» Exercise goal: A faithful transcript of all the lines below, with no pictures, is the goal here.

» Image-caption web data:
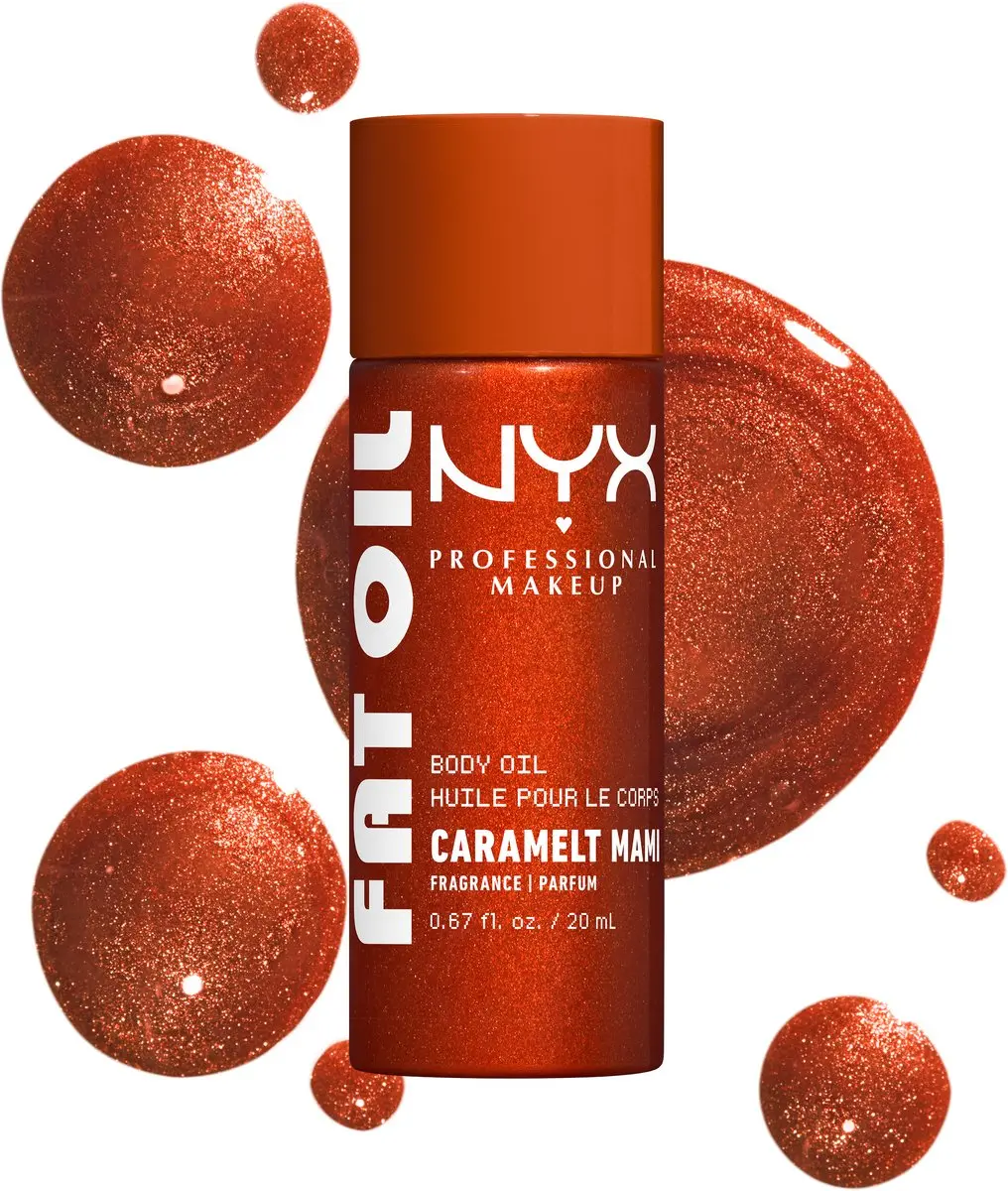NYX Professional Makeup Fat Oil Caramelt Mami Body Oil - 20ml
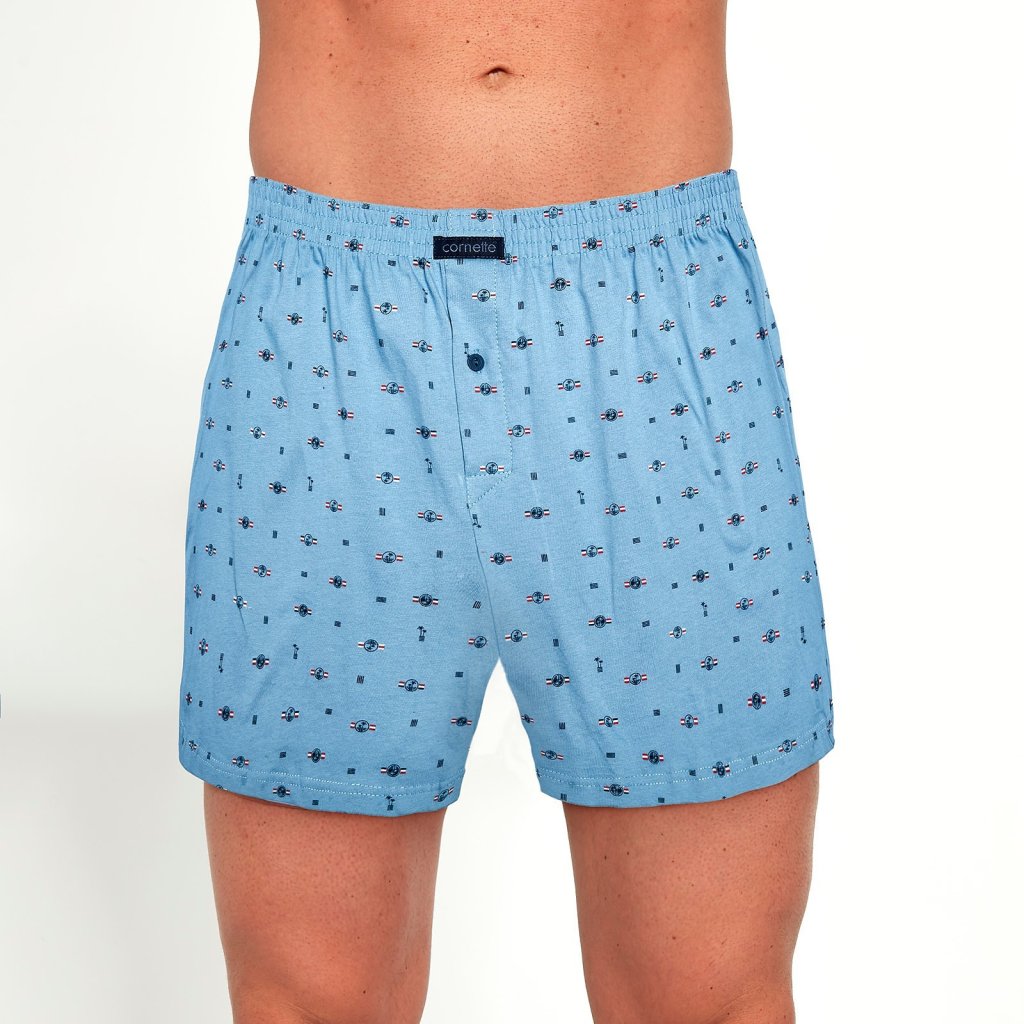 Trenky Cornette Comfort 008/232 3XL-5XL (Barva světle modrá, Velikost 5XL)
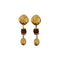 VINTAGE CHANEL EARRINGS MADEMOISELLE LOGO GOLD ACCESSORY 90313290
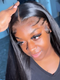 Dorsanee Knee Length  Wigs 42 40 38 36 34 32 30 inch Buss Down Bone Straight 13x4 Lace Front Human Hair Wig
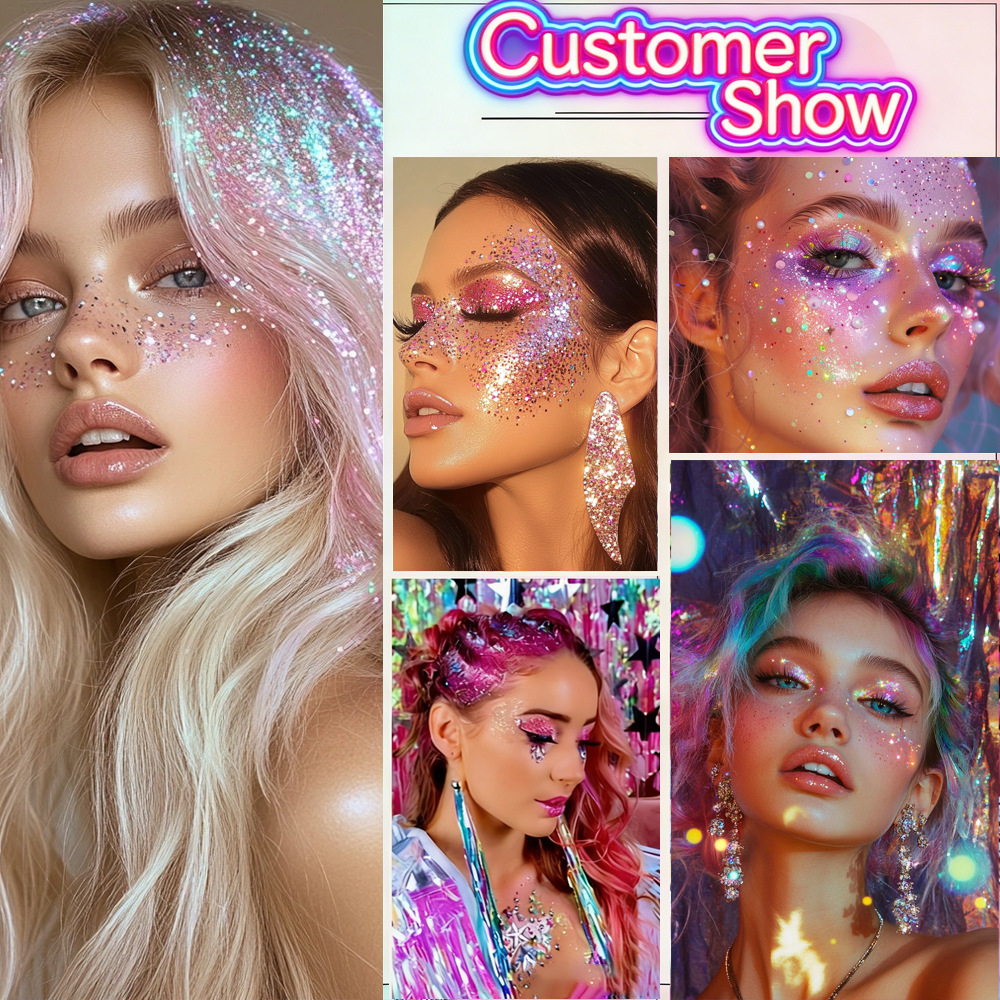 Sparkling Sequins Glitter Gel  - Hair Wax Stick avaliação e preço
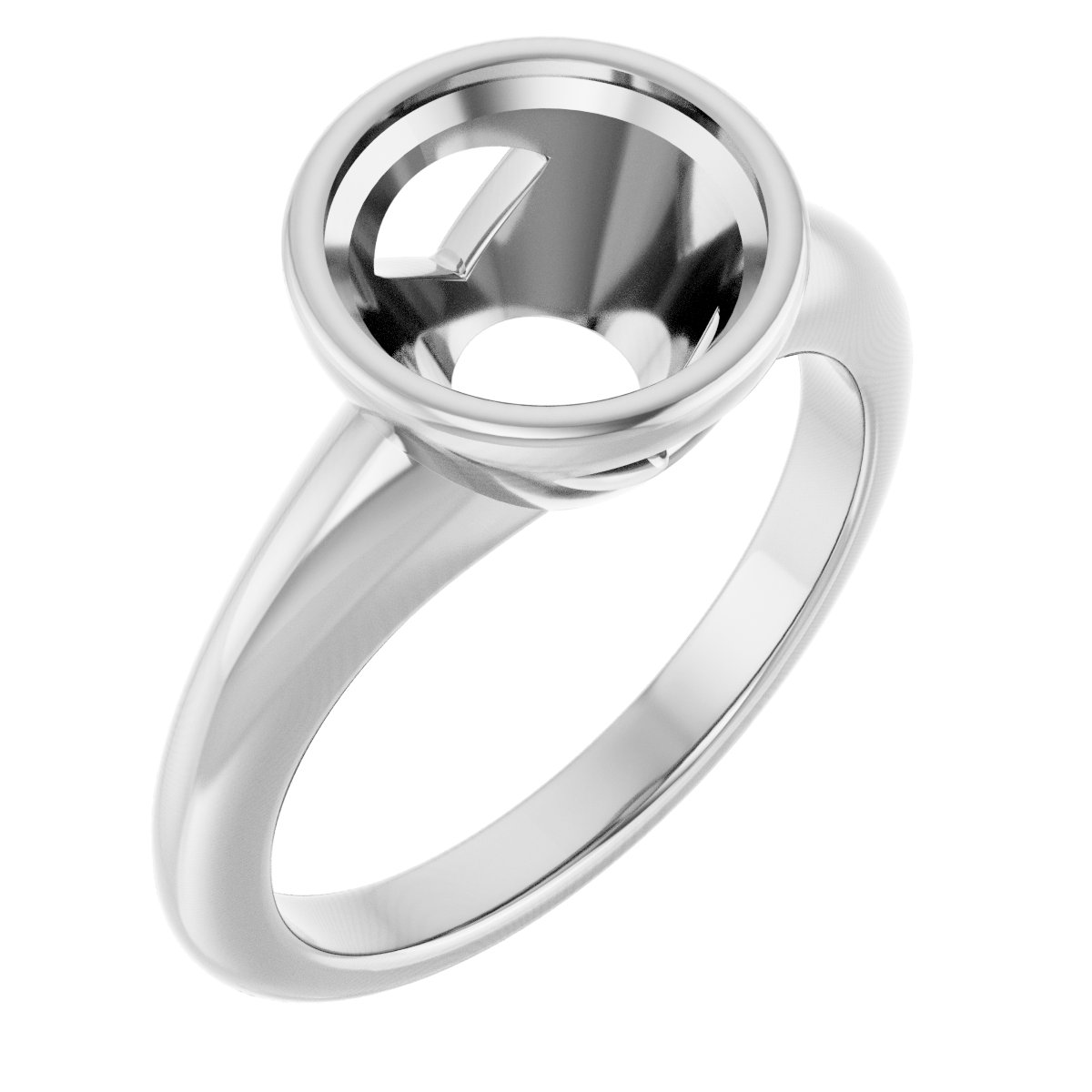 Bezel-Set Solitaire Engagement Ring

» Exercise result:
NYX Professional Makeup Fat Oil Caramelt Mami Body Oil - 20ml
 Trenky Cornette Comfort 008/232 3XL-5XL (Barva světle modrá, Velikost 5XL)
 VINTAGE CHANEL EARRINGS MADEMOISELLE LOGO GOLD ACCESSORY 90313290
 Dorsanee Knee Length  Wigs 42 40 38 36 34 32 30 inch Buss Down Bone Straight 13x4 Lace Front Human Hair Wig
 Sparkling Sequins Glitter Gel  - Hair Wax Stick avaliação e preço
 Bezel-Set Solitaire Engagement Ring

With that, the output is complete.